In its essence, memory can be elusive – a series of certainties that differs according to the recollections of people. At a distance, the repression of the Pinochet dictatorship in Chile may be perceived solely as a fragment of the country’s history, not having been burdened with a legacy of death, torture, disappearances and exile. As the book draws on the memory of people, grassroots organisations, elites, truth commissions and judges, it becomes evident that the memory of Chile is strong enough to be sustained beyond its borders. With the rupture of silence, the atrocities committed during the dictatorship became translated into an experience of that particular era in Chilean history, documented both for Chile and for the rest of the world.

Throughout the years of transition, Pinochet argued in favour of memory oblivion, describing the concept as “mindful silence as a positive good.” Memory had created a conflict on both sides out of the quest for truth and justice. Patricio Aylwin’s Convivencia law was aimed at shattering the silence that shrouded the era of torture and oppression, thus giving an outlet to narrations of brutality. In the wake of evidence starting to seep out, the military and the Right had “adjusted to the documented factual truth of memory as rupture.” By displacing responsibility for the committed atrocities, Pinochet and the right wing had justified their detachment from the process, and even from culpability.

The memory transition at best seemed fragmented. Pinochet sought honour and amnesty. Aylwin was pressing for political stability and ethics, while victim survivors were clamouring for justice. The transition satisfied nobody, yet it was through this period that grassroots activists ascertained the legacy of terror would not be ignored. As testimonies started to emerge from the truth commission’s investigations, the memory oblivion encouraged by Pinochet was relegated to its own irrelevance within the context of the oppressed people’s quest for memory truth.

Stern also presents memory as an experience. Whilst the culture of oblivion shelters the middle class from the moral obligation of affirming state violence, thus clashing with the concept of human rights, the memory framework of the socialists is dependent upon exposing atrocities in order to reach a semblance of salvation. The rupture of silence was essential in order to create a framework that portrays the injustice inflicted on Chilean supporters of Salvador Allende, activists within the Unidad Popular and other people who had a socialist background to bring about a relative consciousness that sustains itself from within the confines of history.

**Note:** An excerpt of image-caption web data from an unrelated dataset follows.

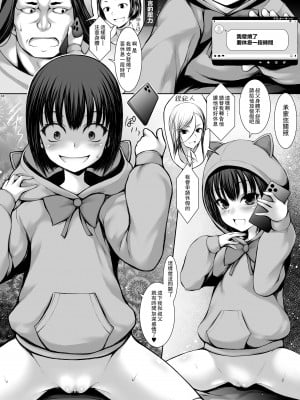 [自爆SYSTEM (涼樹天晴)] 叔父ですがJS姪っ娘に襲われてレイプされました [中国翻訳] [DL版]_13
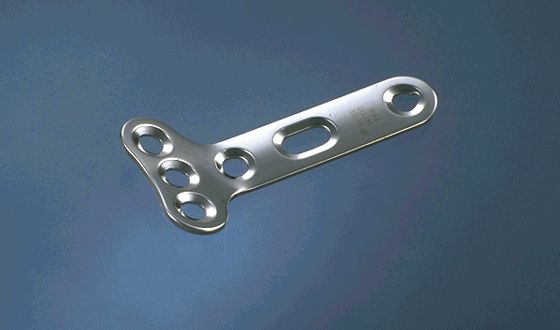 T Plate Right Angled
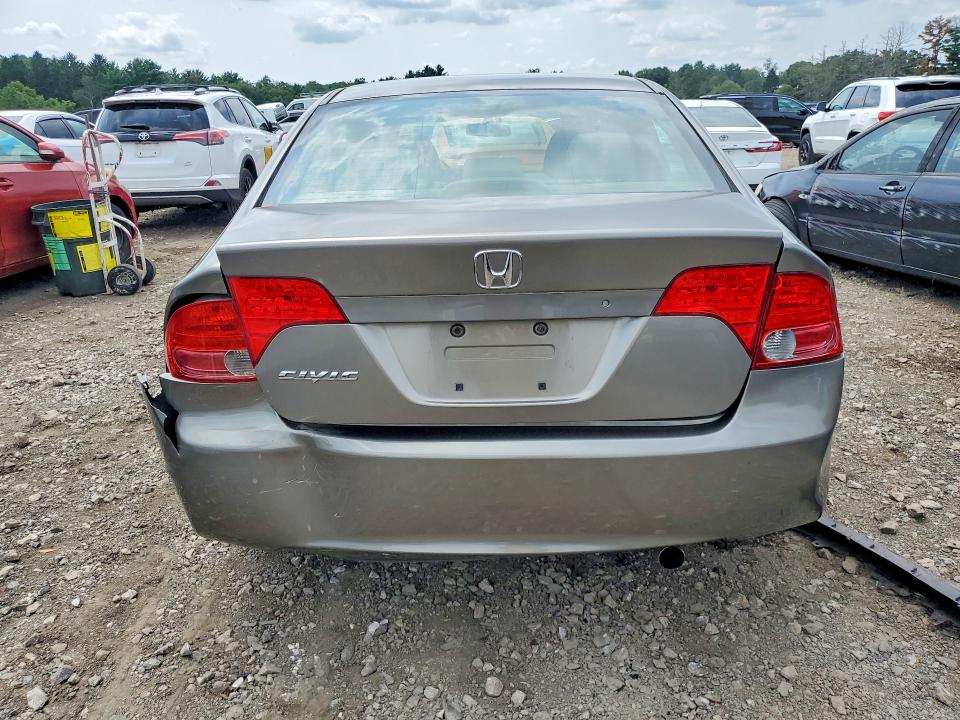 Photo 6 from auction – 2006 HONDA CIVIC with VIN JHMFA16826S003052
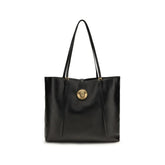 Versace Black Lamb Ovis Aries Shoulder Bag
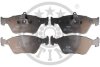 Колодки гальмівні (передні) Opel Omega B 94-00/Vectra A 93-95/Saab 900 93-98 Optimal BP09915 (фото 1)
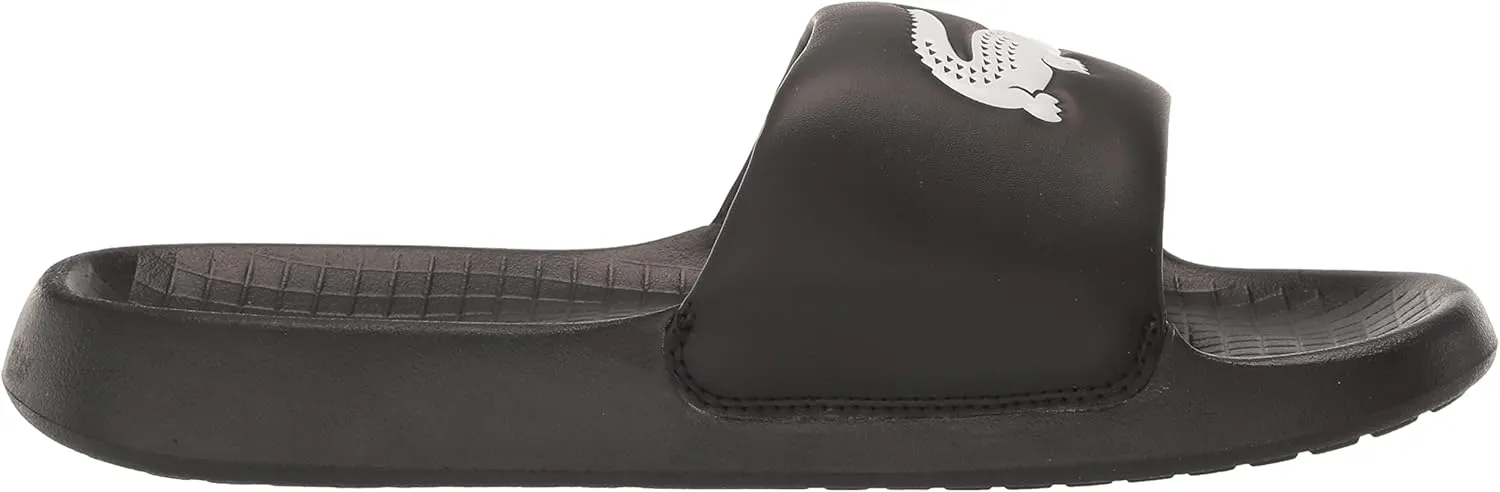 Lacoste Men's Croco 1.0 Slide Sandal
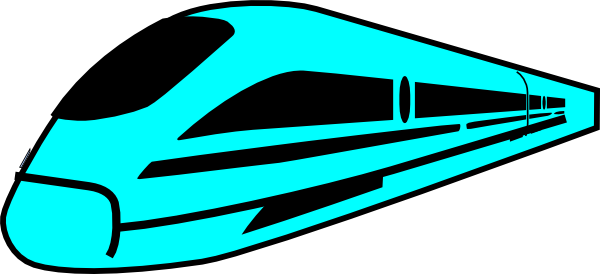 Smed Train Clip Art At Clker - Train Clip Art (600x274)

In due course, other media and creativity sources sprang up, conveying the social memory of the oppressed to the Chileans as a nation.

The memory quest for justice remained replete with obstacles from the past, as Pinochet’s legacy loomed over any shattered frontier. In a letter addressed to Chileans in 1998, Pinochet stresses that he never sought power and was trapped by a communist conspiracy. The actions of embedding past realities in the present was unacceptable to the right wing which, in its futile efforts to preserve the culture of oblivion, persevered in a wave of disassociation negation, fabricating a reality that diminished the essence of justice.

As the truth emerged, Allende was once again reaffirmed as the leader of marginalised people. A sentiment which had to be sheltered during Pinochet’s reign had once again manifested itself in the loyalty of the people. This was a memory totally independent of justice and its manipulations.

Pinochet was finally deemed unfit to stand trial due to dementia, a relic of another fallacy of justice. Responsibility was never legally acknowledged or declared through a trial. Findings state that the scale of torture during Pinochet’s dictatorship was massive and it was also a ‘policy of the state’. Thus, Chile’s memory remained an inconclusive metaphor, blemished by tragedy and the ambiguous process that was supposed to pave the way through democracy.